THE ORIGIN AND BEHAVIOUR OF CHIASMATA

V. CHORTHIPPUS ELEGANS

¹ JOHN INNES HORTICULTURAL INSTITUTION, MERTON, LONDON

1. A study of meiosis in male Chorthippus elegans, Acrididæ (2n = 16 + X) shows the chromosome behaviour to be similar to that already described in Stenobothrus parallelus. Thus the chiasma frequency is an indirect function of length and has an interference curve of variation. Failure of pairing occurs in one chromosome type with a frequency in keeping with the curve. Terminalization depends entirely on the generalized repulsion in bivalents with closed loops and the localized spindle attachment repulsions are of the minimum degree found in Fritilaria.

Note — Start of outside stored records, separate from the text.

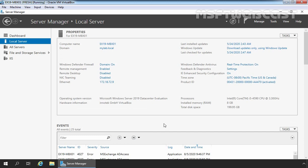This computer is part of our Active Directory domain mylb.local. On this server, I have already logged in with the credentials of our domain administrator. In the last video, we installed all the required software on our member server needed by Exchange 2019. We also extended the AD DS schema and prepared our Active Directory infrastructure for Exchange 2019 installation. Now we are ready to start the graphical installation of Exchange 2019 on Windows Server 2019.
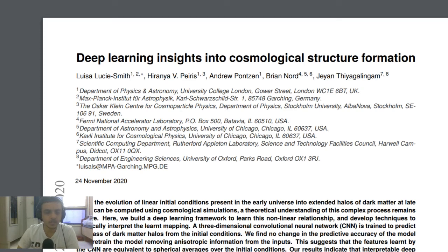Hello everyone and welcome to Abirishi channel. Today we'll be looking at another paper titled 'Deep Learning Insights into Cosmological Structure Formation.'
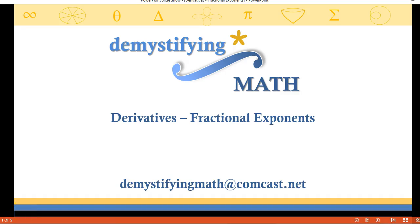Hi and welcome to Demystifying Math. In this lesson we're going to be looking at equations that have fractional exponents. We're going to find the derivatives of those equations and look at the direction and concavity of their graphs.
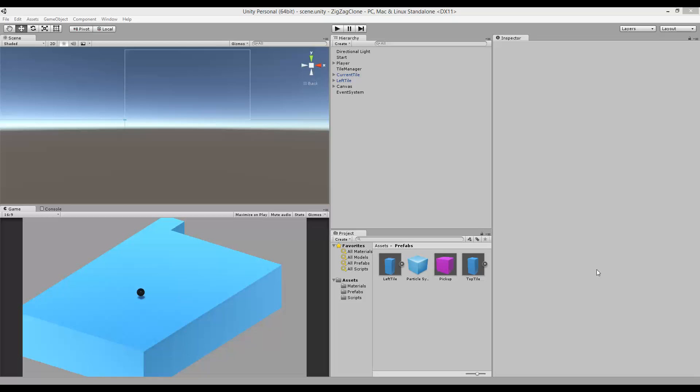This tutorial series will show you how to create a very simple endless runner in Unity. I'm going to use some general techniques to create this endless runner so that you can apply these techniques and things to other games.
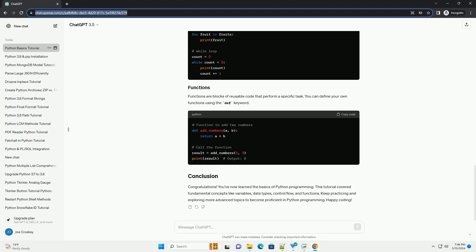In Python, you can store data in variables. Variables can hold different types of data, such as numbers, strings, lists, dictionaries, etc. Python is dynamically typed, meaning you don't need to specify the data type when declaring a variable.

2. A more extensive quantitative study makes it possible to show in the long chromosome type, that the number of terminal chiasmata at each stage between diplotene and metaphase is proportional to the number of interstitial chiasmata and increases from one stage to the next pari passu with the decrease in the number of the interstitial chiasmata. This confirms the earlier arguments that all interstitial chiasmata become terminal by movement without breakage while, on the other hand, terminal chiasmata always arise from earlier interstitial ones and in no other way. It is now clear that chiasmata always change their position after their formation at diplotene so that the configurations observed later are merely positions of changing equilibrium.

3. The opening of the diplotene loops has been followed in detail and shows that the chromosomes are single and undivided until this stage. The opening is therefore derived solely from the so-called "reductional" split, not from the "equational" one which only begins to appear at this time.

4. Syndiploidy occurs frequently just before metaphase.